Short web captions
'''

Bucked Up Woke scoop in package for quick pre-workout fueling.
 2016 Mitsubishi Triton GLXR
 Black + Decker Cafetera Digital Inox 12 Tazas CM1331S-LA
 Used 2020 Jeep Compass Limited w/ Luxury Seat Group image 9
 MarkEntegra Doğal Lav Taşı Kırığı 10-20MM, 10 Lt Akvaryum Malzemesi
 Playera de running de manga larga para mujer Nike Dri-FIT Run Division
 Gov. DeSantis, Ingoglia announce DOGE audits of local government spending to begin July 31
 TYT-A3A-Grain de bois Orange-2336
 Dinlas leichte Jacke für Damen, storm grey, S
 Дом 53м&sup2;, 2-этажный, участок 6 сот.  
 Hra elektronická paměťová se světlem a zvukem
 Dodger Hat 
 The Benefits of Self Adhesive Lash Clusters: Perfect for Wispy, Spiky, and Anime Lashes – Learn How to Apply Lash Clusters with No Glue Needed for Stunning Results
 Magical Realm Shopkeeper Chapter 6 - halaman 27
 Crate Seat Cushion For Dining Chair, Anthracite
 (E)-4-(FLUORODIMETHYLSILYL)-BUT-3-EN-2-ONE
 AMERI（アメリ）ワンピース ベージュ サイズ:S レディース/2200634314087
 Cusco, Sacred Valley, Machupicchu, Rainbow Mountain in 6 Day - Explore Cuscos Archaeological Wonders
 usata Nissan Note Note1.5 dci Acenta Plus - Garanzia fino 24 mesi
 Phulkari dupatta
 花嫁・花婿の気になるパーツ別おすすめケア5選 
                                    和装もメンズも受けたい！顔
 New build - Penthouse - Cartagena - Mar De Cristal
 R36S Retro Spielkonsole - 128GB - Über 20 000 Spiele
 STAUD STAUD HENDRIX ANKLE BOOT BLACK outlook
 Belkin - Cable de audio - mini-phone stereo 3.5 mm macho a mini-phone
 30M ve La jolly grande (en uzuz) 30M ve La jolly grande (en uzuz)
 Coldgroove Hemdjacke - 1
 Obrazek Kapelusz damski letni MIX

'''

» **Your instructions**:
In the data above, find the line containing "STAUD STAUD HENDRIX ANKLE BOOT BLACK outlook", then copy it and every later line exactly.

» **Exercise result**:
 STAUD STAUD HENDRIX ANKLE BOOT BLACK outlook
 Belkin - Cable de audio - mini-phone stereo 3.5 mm macho a mini-phone
 30M ve La jolly grande (en uzuz) 30M ve La jolly grande (en uzuz)
 Coldgroove Hemdjacke - 1
 Obrazek Kapelusz damski letni MIX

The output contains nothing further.